PROBLEM STATEMENT: Stopping at the line that holds "Hello everyone, welcome to our", repeat the lines below exactly, starting from the very first and including that final line.

━━━━━ TASK INPUT

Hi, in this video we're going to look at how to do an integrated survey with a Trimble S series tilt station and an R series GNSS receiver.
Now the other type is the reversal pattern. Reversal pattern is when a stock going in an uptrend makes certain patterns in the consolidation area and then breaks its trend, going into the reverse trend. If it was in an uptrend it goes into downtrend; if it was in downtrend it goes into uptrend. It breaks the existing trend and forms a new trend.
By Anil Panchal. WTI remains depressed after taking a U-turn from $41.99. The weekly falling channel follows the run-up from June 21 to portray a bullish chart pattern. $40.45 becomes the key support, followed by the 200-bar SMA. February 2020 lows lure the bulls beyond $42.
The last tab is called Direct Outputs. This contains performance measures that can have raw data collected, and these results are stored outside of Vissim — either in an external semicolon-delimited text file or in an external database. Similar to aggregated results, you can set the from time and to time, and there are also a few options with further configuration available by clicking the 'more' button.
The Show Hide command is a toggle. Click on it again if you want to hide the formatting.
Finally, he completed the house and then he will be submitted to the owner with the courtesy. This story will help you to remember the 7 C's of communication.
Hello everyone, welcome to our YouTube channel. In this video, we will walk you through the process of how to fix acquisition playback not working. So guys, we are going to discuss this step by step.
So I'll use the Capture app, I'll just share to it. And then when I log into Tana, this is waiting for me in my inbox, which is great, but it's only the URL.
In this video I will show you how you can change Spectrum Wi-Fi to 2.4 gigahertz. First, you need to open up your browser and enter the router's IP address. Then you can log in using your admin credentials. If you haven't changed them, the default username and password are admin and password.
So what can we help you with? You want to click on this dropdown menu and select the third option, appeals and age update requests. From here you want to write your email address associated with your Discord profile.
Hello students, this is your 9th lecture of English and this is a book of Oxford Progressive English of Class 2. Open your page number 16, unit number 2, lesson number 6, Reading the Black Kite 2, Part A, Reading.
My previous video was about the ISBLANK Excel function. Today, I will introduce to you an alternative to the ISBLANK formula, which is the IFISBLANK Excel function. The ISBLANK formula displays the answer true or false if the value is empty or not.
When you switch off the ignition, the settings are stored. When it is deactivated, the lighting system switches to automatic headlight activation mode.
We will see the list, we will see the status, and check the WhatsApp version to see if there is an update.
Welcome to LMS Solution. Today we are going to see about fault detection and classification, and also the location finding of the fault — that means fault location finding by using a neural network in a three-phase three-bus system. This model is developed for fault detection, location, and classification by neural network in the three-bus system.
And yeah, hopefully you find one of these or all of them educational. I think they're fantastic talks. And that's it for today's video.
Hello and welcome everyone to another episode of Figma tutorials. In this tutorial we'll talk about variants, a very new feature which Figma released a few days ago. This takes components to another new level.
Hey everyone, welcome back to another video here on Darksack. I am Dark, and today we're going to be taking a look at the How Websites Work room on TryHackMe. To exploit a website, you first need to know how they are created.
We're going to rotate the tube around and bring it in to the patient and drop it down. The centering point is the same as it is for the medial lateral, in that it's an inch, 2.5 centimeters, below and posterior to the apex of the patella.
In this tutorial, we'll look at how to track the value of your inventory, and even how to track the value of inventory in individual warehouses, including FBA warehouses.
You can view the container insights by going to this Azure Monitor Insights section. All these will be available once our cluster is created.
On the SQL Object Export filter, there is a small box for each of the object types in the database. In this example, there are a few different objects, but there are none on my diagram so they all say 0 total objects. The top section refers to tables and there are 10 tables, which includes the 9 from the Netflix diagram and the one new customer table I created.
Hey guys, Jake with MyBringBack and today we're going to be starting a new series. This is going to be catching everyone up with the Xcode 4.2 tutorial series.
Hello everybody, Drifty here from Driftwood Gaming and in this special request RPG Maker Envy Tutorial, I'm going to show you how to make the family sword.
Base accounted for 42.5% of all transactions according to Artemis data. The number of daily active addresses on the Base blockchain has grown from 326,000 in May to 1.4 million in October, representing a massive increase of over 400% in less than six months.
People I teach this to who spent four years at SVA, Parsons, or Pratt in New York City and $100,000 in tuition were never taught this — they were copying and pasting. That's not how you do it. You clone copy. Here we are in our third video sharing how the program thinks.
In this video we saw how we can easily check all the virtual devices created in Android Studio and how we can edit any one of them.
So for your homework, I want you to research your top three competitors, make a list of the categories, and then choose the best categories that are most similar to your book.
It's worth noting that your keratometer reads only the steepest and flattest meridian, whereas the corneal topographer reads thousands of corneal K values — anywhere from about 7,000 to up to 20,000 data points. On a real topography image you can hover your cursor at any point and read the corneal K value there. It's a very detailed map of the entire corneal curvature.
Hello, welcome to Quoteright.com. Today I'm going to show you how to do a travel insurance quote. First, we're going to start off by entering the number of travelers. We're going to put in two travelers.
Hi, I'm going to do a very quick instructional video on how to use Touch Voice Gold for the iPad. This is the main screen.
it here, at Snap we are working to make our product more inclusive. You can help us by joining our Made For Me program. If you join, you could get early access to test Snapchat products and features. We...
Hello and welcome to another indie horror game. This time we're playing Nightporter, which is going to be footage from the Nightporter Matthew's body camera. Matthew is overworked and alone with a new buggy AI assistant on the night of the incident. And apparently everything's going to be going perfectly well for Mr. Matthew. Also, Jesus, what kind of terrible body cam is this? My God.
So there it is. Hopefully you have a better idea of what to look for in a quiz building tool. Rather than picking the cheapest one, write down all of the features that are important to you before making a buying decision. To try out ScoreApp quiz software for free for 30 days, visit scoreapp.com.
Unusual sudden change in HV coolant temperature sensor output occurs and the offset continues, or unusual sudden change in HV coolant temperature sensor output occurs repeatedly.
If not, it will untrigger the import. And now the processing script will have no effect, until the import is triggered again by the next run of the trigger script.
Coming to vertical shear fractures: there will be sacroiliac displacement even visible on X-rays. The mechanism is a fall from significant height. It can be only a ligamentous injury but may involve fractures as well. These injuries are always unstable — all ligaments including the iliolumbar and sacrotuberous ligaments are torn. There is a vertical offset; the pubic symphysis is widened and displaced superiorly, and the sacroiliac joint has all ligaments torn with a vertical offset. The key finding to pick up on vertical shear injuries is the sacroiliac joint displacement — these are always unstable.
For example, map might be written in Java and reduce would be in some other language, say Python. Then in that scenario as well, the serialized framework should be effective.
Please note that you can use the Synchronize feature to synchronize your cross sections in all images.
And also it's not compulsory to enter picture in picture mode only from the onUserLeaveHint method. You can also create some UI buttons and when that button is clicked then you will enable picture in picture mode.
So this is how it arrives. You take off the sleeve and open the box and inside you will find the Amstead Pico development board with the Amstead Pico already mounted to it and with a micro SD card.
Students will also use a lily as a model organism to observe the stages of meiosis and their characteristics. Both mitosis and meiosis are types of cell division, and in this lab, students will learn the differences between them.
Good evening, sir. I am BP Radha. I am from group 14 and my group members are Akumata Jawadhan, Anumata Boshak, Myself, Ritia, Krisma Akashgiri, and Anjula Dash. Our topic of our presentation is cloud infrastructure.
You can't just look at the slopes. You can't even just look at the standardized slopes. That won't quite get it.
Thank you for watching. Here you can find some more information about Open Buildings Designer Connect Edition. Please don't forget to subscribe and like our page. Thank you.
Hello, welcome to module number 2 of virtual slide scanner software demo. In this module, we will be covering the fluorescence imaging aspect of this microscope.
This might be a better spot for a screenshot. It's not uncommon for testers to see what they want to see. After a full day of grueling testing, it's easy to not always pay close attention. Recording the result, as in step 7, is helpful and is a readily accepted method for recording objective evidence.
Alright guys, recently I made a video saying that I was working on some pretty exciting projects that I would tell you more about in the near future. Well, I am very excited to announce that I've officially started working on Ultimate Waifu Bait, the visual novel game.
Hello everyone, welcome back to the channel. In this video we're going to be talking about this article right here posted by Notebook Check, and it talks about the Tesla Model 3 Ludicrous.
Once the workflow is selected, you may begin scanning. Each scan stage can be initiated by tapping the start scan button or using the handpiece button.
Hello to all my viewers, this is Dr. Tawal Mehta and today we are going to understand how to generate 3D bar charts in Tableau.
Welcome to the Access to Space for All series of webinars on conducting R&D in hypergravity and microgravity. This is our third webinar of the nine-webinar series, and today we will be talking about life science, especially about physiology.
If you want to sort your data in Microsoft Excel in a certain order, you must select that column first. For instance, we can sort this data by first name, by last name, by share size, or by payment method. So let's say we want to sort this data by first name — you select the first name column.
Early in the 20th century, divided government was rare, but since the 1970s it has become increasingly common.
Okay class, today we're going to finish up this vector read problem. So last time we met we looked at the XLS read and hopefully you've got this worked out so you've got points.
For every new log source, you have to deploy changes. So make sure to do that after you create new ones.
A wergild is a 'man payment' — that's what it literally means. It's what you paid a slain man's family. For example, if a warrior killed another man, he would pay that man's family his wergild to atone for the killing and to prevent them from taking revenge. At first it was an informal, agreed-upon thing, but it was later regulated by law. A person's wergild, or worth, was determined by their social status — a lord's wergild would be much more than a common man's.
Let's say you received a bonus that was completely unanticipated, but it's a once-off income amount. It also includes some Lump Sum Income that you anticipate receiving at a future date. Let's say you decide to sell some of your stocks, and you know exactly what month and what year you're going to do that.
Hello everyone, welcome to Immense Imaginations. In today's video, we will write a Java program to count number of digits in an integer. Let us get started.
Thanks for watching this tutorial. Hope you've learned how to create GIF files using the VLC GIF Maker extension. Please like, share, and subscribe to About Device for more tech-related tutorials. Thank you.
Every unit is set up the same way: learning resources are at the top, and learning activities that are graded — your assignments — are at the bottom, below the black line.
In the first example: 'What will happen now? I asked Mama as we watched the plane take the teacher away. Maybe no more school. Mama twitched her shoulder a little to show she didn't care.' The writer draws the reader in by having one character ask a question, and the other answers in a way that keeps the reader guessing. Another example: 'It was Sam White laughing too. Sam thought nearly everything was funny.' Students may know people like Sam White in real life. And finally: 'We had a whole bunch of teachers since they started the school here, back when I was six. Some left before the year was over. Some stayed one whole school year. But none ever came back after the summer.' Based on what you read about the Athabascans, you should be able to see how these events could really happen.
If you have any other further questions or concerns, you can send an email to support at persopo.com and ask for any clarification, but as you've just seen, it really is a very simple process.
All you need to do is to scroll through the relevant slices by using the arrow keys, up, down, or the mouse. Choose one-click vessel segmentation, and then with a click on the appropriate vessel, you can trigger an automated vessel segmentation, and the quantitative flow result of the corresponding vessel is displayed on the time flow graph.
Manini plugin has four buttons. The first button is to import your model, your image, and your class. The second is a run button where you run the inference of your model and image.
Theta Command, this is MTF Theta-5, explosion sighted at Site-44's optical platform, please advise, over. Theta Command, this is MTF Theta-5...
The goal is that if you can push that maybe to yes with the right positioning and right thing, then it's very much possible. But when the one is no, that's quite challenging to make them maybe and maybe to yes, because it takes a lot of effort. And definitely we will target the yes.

━━━━━━━━━━

RESULT OF THE TASK:
Hi, in this video we're going to look at how to do an integrated survey with a Trimble S series tilt station and an R series GNSS receiver.
Now the other type is the reversal pattern. Reversal pattern is when a stock going in an uptrend makes certain patterns in the consolidation area and then breaks its trend, going into the reverse trend. If it was in an uptrend it goes into downtrend; if it was in downtrend it goes into uptrend. It breaks the existing trend and forms a new trend.
By Anil Panchal. WTI remains depressed after taking a U-turn from $41.99. The weekly falling channel follows the run-up from June 21 to portray a bullish chart pattern. $40.45 becomes the key support, followed by the 200-bar SMA. February 2020 lows lure the bulls beyond $42.
The last tab is called Direct Outputs. This contains performance measures that can have raw data collected, and these results are stored outside of Vissim — either in an external semicolon-delimited text file or in an external database. Similar to aggregated results, you can set the from time and to time, and there are also a few options with further configuration available by clicking the 'more' button.
The Show Hide command is a toggle. Click on it again if you want to hide the formatting.
Finally, he completed the house and then he will be submitted to the owner with the courtesy. This story will help you to remember the 7 C's of communication.
Hello everyone, welcome to our YouTube channel. In this video, we will walk you through the process of how to fix acquisition playback not working. So guys, we are going to discuss this step by step.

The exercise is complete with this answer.